Os EUA tiveram condições de interromper a propagação da crise e iniciar a
recuperação, mas não as usaram. O Fundo Monetário Internacional (FMI) apenas
agravou o problema. Atuando em conjunto, os EUA e o FMI vão de um plano ruim
para outro, sem visão, sem ao menos parecer que entendem a gravidade da crise.

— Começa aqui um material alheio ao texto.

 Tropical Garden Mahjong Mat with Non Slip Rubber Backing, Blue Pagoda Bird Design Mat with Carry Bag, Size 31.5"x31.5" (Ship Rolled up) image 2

O tratamento inicial que eles deram à crise da Tailândia no ano passado foi promover
uma desvalorização limitada, aconselhar o governo de Bangcoc a elevar os impostos
e esperar pelo melhor - uma estratégia que teve resultados desastrosos no México em
1994. A renda per capita da Tailândia caiu de US$ 3 mil em 1996 para US$ 1.800
este ano, e o país está agora em sua quinta revisão do programa do FMI.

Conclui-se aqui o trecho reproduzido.